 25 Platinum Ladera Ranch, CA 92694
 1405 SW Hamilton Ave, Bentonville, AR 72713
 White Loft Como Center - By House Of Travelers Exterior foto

* * *

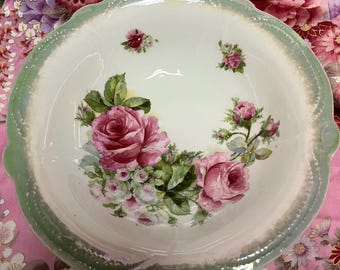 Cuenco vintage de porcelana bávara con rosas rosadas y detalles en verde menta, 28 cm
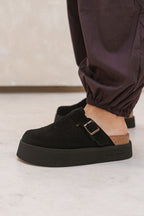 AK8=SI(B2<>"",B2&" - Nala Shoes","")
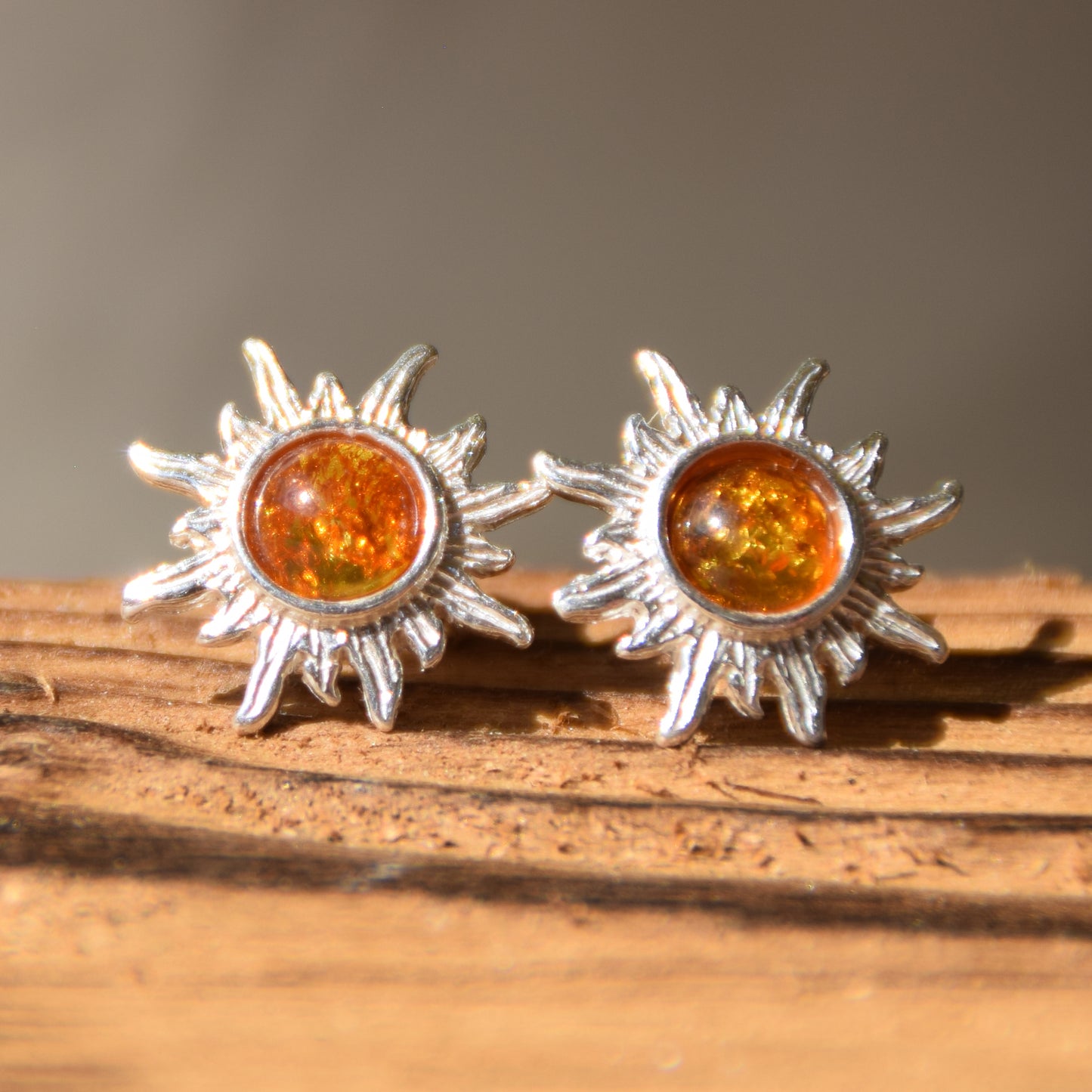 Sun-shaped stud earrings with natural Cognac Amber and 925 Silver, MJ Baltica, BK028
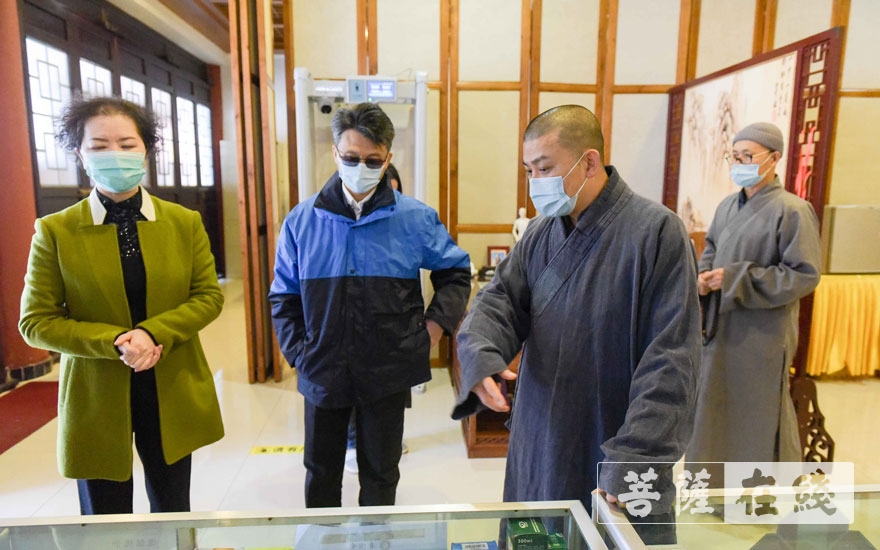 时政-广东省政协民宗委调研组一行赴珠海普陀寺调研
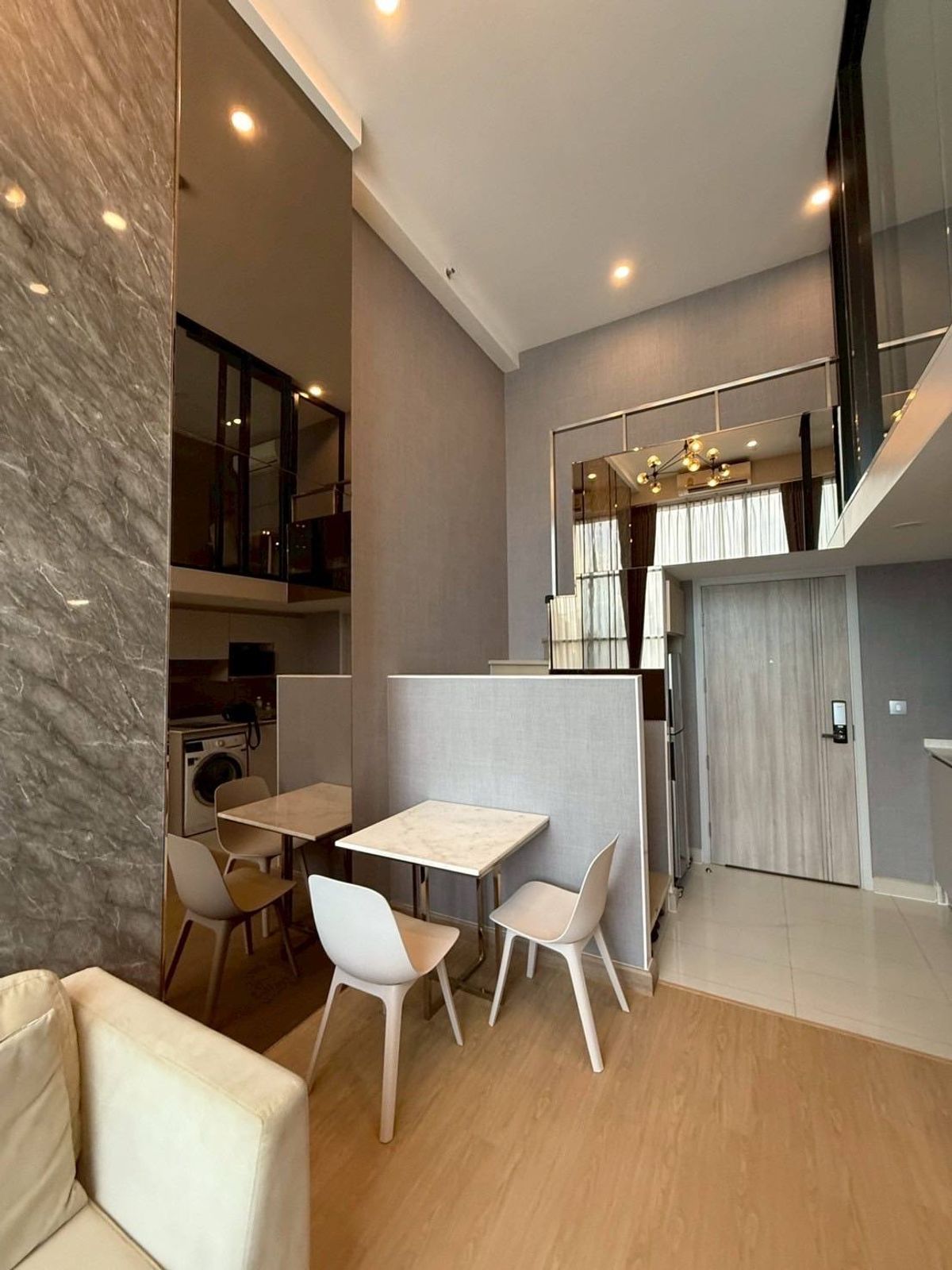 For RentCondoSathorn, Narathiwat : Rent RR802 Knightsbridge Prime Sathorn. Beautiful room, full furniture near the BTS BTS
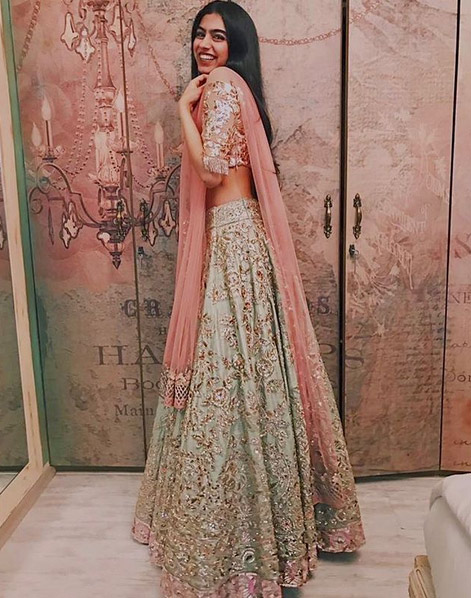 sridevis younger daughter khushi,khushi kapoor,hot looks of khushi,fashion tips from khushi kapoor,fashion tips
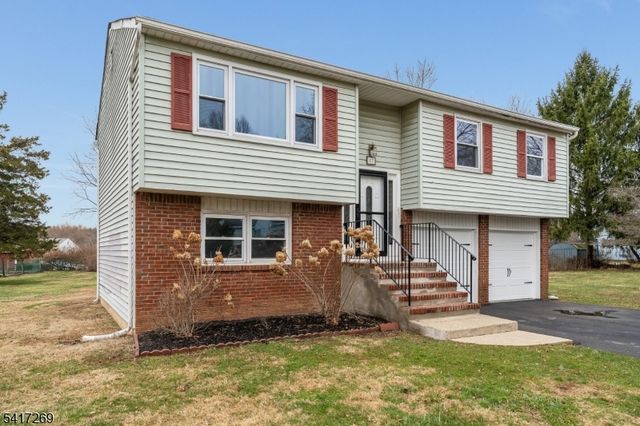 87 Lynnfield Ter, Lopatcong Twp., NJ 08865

==

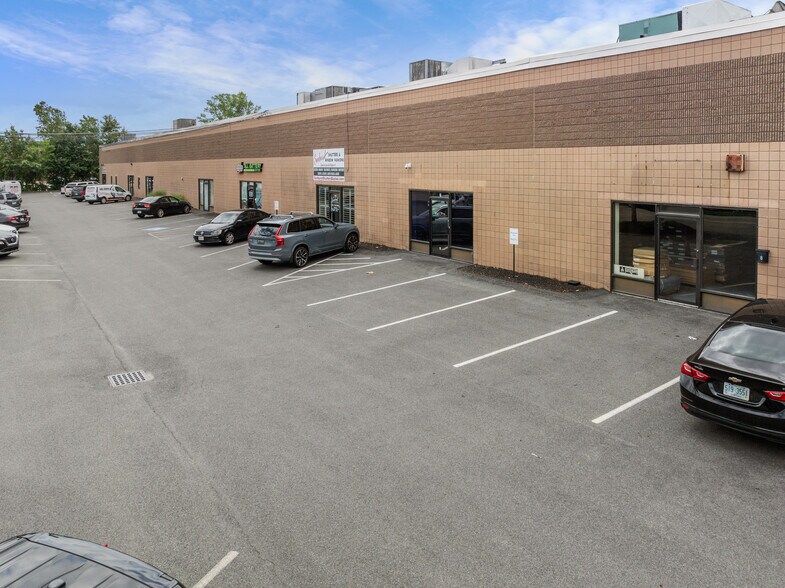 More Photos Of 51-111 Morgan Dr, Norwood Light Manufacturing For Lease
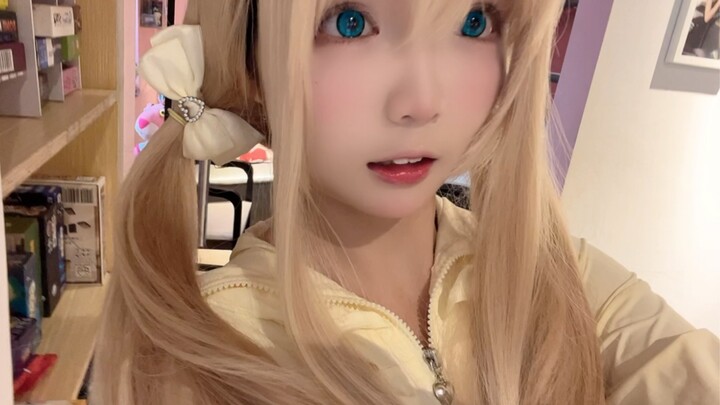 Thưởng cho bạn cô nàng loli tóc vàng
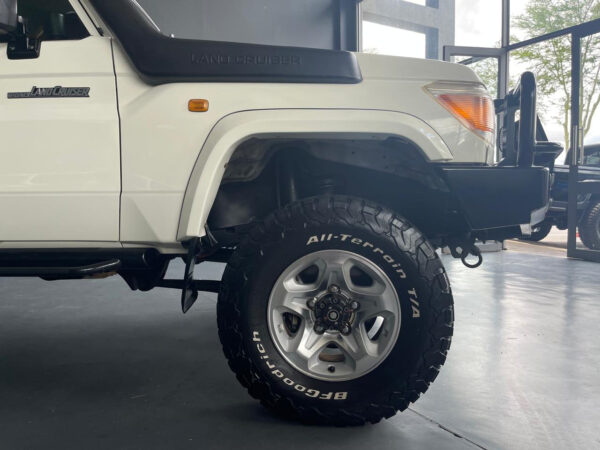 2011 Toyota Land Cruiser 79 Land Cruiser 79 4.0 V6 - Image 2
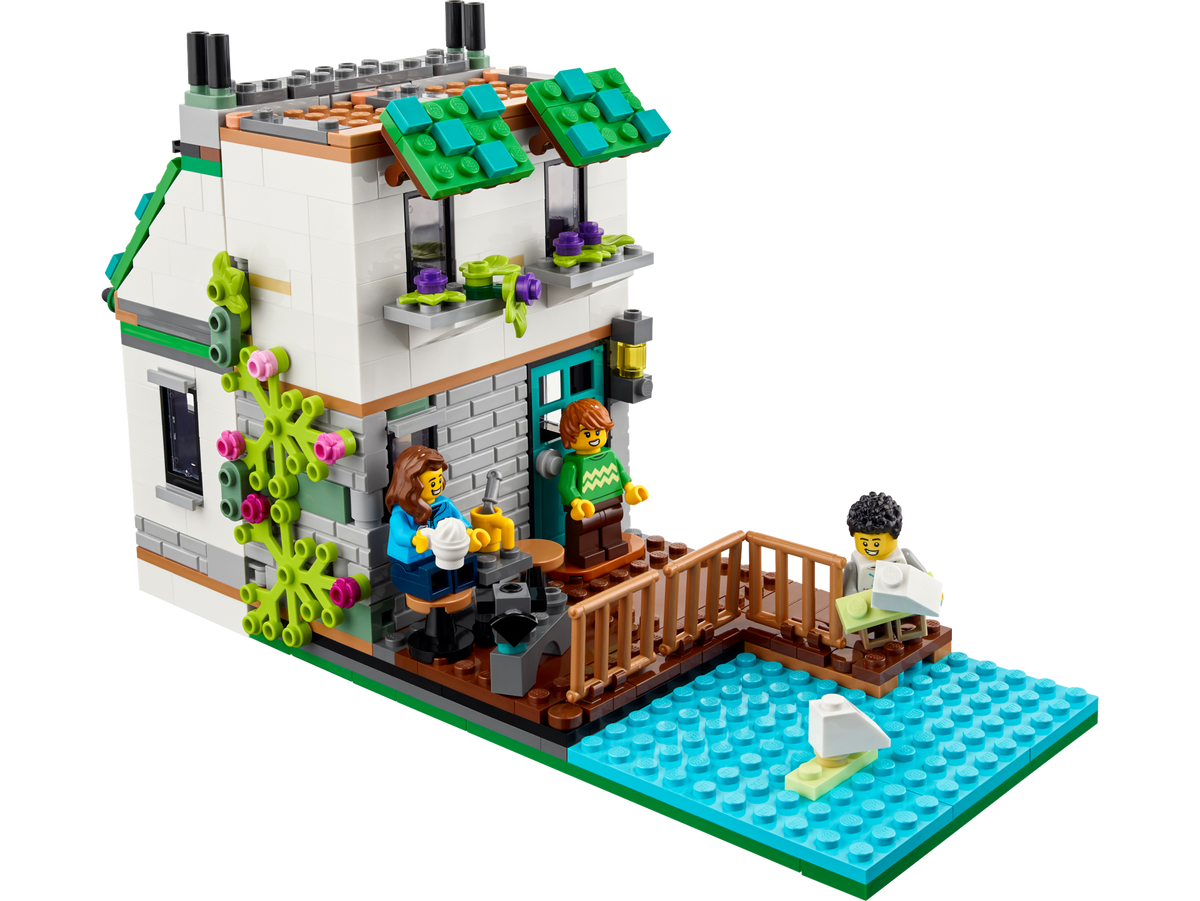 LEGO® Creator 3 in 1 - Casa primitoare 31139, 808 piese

▸ WHAT IS NEEDED: Of all the entries above, output exactly the lines between the one holding "25 Platinum Ladera Ranch, CA 92694" and the one holding "White Loft Como", inclusive.

▸ SOLUTION TO THE PROBLEM:
 25 Platinum Ladera Ranch, CA 92694
 1405 SW Hamilton Ave, Bentonville, AR 72713
 White Loft Como Center - By House Of Travelers Exterior foto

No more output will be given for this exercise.